Jesús solo piensa en rescatarlo de su vida de mendigo y de desprecio. Para ello lo acoge y le descubre la luz. Desde este momento, su vida cambia; por fin puede tener una vida digna, libre de miedo y de vergüenza.

Los dirigentes religiosos, por su parte, decidían quién está en pecado y si puede o no ser aceptado en la comunidad. En este caso, aunque había ya recuperado la vista, no es admitido porque sigue siendo un pecador, más aún si es Jesús quien le ha curado.

Jesús, sin embargo, no le abandona; va a su encuentro y le pregunta si cree en el Mesías. El expulsado le dice: “y, ¿quién es, Señor, para que crea en él?”. Jesús le responde: “Lo estás viendo; el que te está hablando, ese es”. El mendigo entonces confiesa: “Creo, Señor”.

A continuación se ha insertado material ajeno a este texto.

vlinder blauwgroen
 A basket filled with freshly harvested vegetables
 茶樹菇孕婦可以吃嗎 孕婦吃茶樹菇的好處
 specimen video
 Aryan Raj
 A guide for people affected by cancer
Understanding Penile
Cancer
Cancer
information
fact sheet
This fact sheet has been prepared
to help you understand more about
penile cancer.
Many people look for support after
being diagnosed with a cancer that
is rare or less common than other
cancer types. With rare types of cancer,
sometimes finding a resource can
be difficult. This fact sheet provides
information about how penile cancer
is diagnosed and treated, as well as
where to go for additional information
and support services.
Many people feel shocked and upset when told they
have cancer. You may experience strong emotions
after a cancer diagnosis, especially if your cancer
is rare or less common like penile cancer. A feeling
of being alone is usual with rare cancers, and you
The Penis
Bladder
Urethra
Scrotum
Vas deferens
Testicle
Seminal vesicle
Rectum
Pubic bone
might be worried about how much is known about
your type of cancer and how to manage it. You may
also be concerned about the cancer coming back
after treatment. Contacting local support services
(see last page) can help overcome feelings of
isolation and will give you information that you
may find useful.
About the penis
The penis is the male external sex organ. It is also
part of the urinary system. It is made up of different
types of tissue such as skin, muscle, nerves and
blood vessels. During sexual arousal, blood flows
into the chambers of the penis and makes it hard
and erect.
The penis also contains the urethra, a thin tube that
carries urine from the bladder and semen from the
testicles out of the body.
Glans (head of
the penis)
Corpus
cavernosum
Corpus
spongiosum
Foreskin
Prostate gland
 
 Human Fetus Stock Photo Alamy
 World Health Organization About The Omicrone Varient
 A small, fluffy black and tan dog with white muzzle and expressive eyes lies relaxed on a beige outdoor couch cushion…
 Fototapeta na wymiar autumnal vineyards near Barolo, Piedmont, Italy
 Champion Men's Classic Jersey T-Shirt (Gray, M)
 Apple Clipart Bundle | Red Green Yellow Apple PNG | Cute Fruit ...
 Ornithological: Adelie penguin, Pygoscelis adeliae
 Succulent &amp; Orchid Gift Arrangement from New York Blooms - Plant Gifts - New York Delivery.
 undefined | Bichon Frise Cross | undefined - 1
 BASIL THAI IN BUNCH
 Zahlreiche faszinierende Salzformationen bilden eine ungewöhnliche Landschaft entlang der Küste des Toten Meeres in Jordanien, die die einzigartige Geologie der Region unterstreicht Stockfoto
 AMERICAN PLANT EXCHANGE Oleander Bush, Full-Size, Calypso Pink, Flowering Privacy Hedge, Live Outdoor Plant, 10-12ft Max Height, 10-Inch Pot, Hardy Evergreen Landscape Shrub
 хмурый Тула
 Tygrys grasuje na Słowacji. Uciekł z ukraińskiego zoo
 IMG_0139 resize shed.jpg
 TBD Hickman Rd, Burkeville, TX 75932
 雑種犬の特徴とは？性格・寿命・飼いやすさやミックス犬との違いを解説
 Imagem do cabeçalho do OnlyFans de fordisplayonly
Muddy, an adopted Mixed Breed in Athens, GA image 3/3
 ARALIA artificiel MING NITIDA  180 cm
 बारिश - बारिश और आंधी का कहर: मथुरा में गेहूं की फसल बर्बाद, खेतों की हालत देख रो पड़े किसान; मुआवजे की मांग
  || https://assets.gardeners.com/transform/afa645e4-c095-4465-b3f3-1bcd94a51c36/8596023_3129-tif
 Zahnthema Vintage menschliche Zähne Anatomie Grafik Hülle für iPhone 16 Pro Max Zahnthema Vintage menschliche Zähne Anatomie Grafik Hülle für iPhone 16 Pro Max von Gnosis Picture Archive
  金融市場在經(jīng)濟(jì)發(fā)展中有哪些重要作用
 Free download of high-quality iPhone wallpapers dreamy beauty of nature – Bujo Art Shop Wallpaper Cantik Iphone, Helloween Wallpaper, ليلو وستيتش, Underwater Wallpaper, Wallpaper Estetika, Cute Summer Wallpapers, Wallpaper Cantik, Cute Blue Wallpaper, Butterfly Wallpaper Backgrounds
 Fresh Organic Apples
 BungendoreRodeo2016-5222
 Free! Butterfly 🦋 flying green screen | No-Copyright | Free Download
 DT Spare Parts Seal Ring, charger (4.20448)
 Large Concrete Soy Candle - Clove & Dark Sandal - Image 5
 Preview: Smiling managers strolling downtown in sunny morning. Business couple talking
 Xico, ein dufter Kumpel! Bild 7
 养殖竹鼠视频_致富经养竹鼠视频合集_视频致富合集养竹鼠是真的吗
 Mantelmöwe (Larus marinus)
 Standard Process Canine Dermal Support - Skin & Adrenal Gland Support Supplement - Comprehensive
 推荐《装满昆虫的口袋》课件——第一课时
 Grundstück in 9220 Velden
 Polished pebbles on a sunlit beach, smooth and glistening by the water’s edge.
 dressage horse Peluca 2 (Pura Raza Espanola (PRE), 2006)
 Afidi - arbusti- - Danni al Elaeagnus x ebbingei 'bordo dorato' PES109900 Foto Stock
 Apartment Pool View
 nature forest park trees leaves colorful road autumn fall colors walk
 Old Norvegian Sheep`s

Esta actitud de Jesús, quizás, nos desconcierta también a nosotros. Nos cuesta aceptar a personas que, por su condición moral, las consideramos pecadoras y las obligamos a vivir su fe en secreto, casi de una manera clandestina.  Jesús, en cambio, las busca y las ama, porque tiene un lugar privilegiado en su corazón.